_What you are asked to do_:
Copy all the lines of the listing below exactly. Skip the images.

_Data block_:
··········

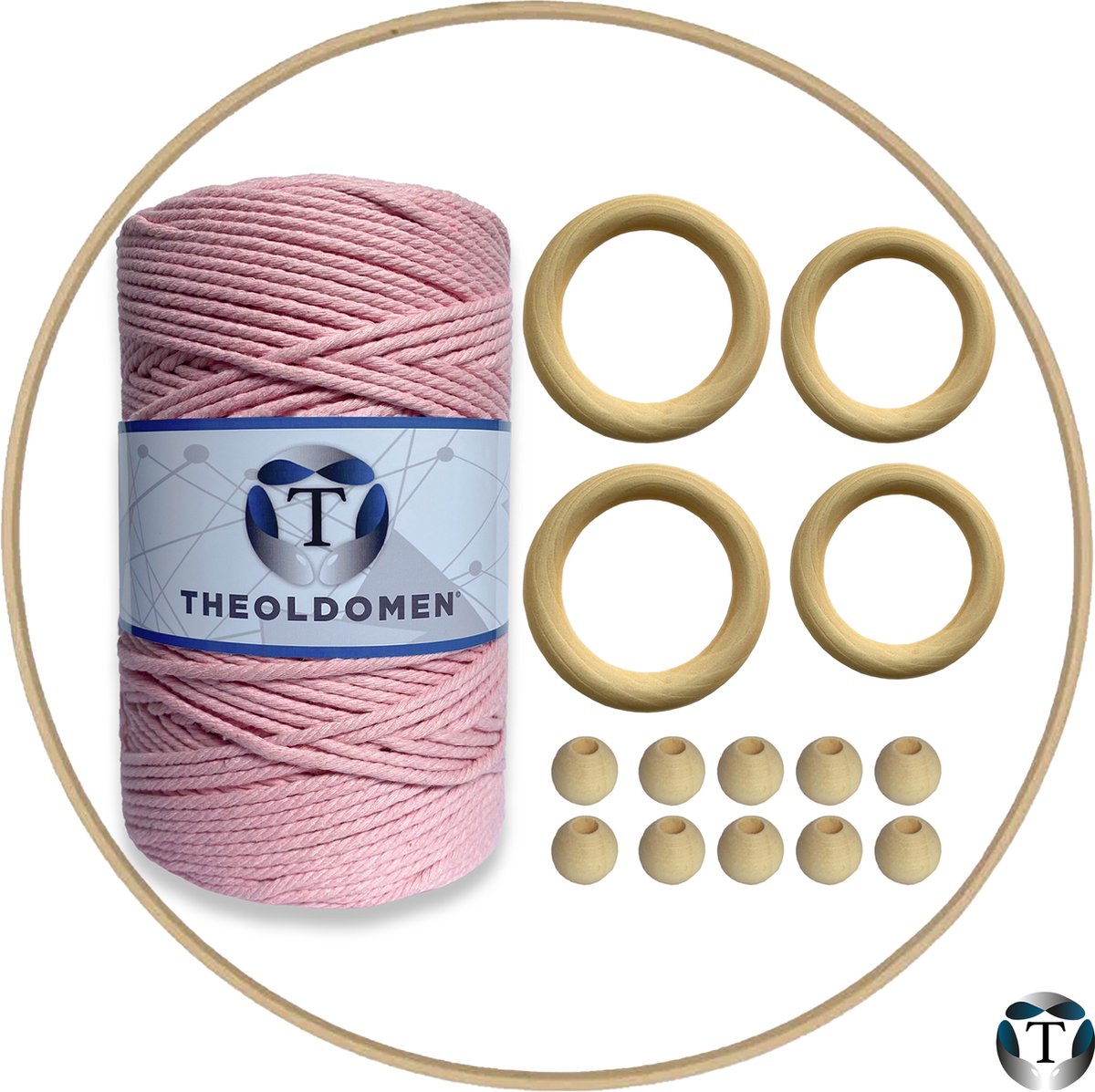 Macramé Pakket | 200 METER | Nude Roze | Starter Set | Ringen | Kralen | Hout | Macramé Touw | 3mm | 100% Katoen | Macramé | Decoratie | DIY | Doe Het Zelf | Wandkleed | Dromenvanger | Plantenhanger | Tassen | TheOldOmen |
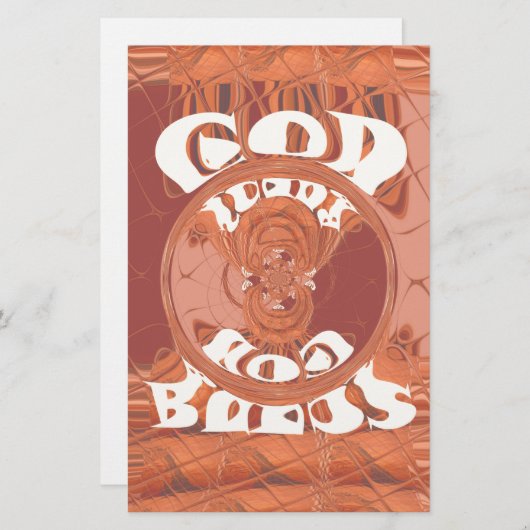 Gott segne Sie vom inspirierenden Textdesign. Briefpapier (Vorne/Hinten)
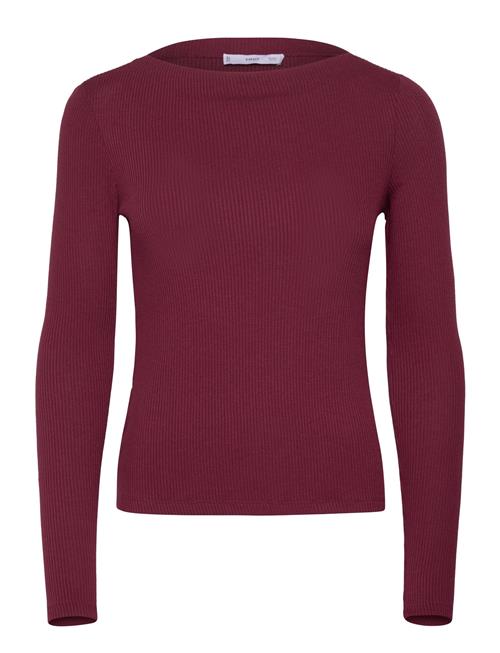 Long-Sleeved Knitted T-Shirt Mango Burgundy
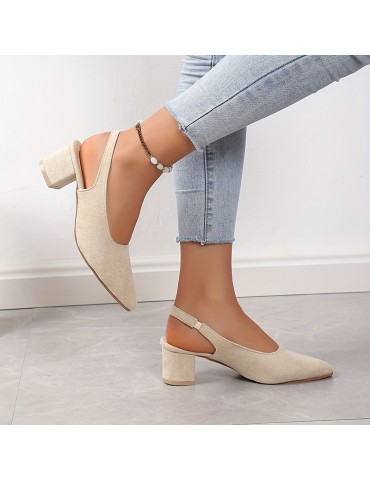 Women's Chunky Heeled Sandals, Comfy Pointed Toe Elastic Strap Slingback Shoes, Versatile Dress Low Heels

··········

_Answer space_:
 Macramé Pakket | 200 METER | Nude Roze | Starter Set | Ringen | Kralen | Hout | Macramé Touw | 3mm | 100% Katoen | Macramé | Decoratie | DIY | Doe Het Zelf | Wandkleed | Dromenvanger | Plantenhanger | Tassen | TheOldOmen |
 Gott segne Sie vom inspirierenden Textdesign. Briefpapier (Vorne/Hinten)
 Long-Sleeved Knitted T-Shirt Mango Burgundy
 Women's Chunky Heeled Sandals, Comfy Pointed Toe Elastic Strap Slingback Shoes, Versatile Dress Low Heels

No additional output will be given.